FTX Chief Executive Officer Sam Bankman-Fried told employees he was exploring all options for his firm after a deal with cryptocurrency exchange Binance collapsed on Wednesday.

The proposed deal between Bankman-Fried and rival Chief Executive Officer Changpeng Zhao of Binance had been the latest emergency rescue in the world of cryptocurrencies this year, as investors pulled out from riskier assets in the wake of rising interest rates. The cryptocurrency market has fallen by about two-thirds from its peak to $1.07 trillion (roughly Rs. 87.3 lakh crore).

“As a result of corporate due diligence, as well as the latest news reports regarding mishandled customer funds and alleged US agency investigations, we have decided that we will not pursue the potential acquisition of FTX.com,” Binance said in a statement on Wednesday.

It leaves Bankman-Fried, 30, who had previously been throwing lifelines to other faltering digital asset platforms, with dwindling options himself.

“I’m working, as quickly as I can, on next steps here. I wish I could give you all more clarity than I can,” said Bankman-Fried, who is from California but lives in the Bahamas where FTX is based, in a message to FTX employees seen by Reuters.

Bankman-Fried, whose wealth was estimated at $17 billion (roughly Rs. 1.4 lakh crore) as of September according to Forbes, had made billions arbitraging cryptocurrency prices in Asia beginning in 2017 before heading FTX.

Bankman-Fried said in the staff message his goals were to protect customers and provide any help he could for staff and investors.

“I’ll keep fighting for those (goals), as best as I can, as long as it’s correct for me too. I’m exploring all the options.”

Bankman-Fried also told employees that Binance had not previously expressed reservations about the deal.

“I’m deeply sorry that we got into this place, and for my role in it,” he wrote. “That’s on me, and me alone, and it sucks, and I’m sorry, not that it makes it any better.”
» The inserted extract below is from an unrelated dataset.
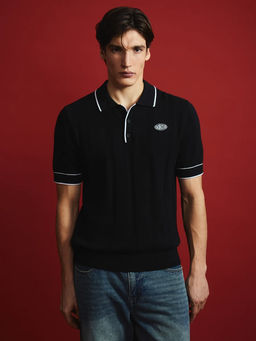 Джемпер поло фактурное с вышивкой / Zarina фото 8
In a later message to staff, seen by Reuters and sent around 6pm EST (4:30 am Wednesday), Bankman-Fried said: “I will post many more updates tonight, I promise.”

A representative for FTX did not immediately respond to a request for comment.

FTX is also facing scrutiny from US regulators over its handling of customer funds, as well as its crypto-lending activities. The US Securities and Exchange Commission is investigating crypto exchange FTX.com’s handling of customer funds amid a liquidity crunch, as well as its crypto-lending activities, a source with knowledge of the inquiry said on Wednesday. Bloomberg first reported the probe.

Bloomberg also reported that the Department of Justice (DOJ) is looking into the turmoil and officials are working with SEC. A DOJ spokesperson declined to comment on the Bloomberg report.

FTX’s troubles are the latest sign of trouble in the fast-moving world of cryptocurrencies where prices have slumped this year as a broader downturn in financial markets prompted investors to ditch riskier assets.

After rapid growth in 2020 and 2021, Bitcoin is down more than 60 percent in 2022 and was last off 13 percent on the day at $16,277 (roughly Rs. 13,28,000).

FTT, the smaller token tied to FTX, was down a further 67 percent, after collapsing 72 percent on Tuesday.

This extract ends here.